Every line in the records below that holds the word "Shirt" is to be copied.

(EXERCISE DATA begins)

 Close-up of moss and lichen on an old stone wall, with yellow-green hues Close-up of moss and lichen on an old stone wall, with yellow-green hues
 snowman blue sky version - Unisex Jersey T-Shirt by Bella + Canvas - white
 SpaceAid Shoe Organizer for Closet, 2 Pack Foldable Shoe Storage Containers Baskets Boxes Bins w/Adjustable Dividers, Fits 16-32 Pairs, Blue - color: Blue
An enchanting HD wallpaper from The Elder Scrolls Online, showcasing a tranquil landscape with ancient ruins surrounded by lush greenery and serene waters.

(EXERCISE DATA ends)
(EXERCISE DATA begins)

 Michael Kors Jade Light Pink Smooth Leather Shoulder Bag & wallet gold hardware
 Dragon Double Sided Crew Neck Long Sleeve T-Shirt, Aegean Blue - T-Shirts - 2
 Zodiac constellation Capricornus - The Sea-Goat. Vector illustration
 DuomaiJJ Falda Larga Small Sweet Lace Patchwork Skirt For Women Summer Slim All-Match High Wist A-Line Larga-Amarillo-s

(EXERCISE DATA ends)

* YOUR SOLUTION
 snowman blue sky version - Unisex Jersey T-Shirt by Bella + Canvas - white
 Dragon Double Sided Crew Neck Long Sleeve T-Shirt, Aegean Blue - T-Shirts - 2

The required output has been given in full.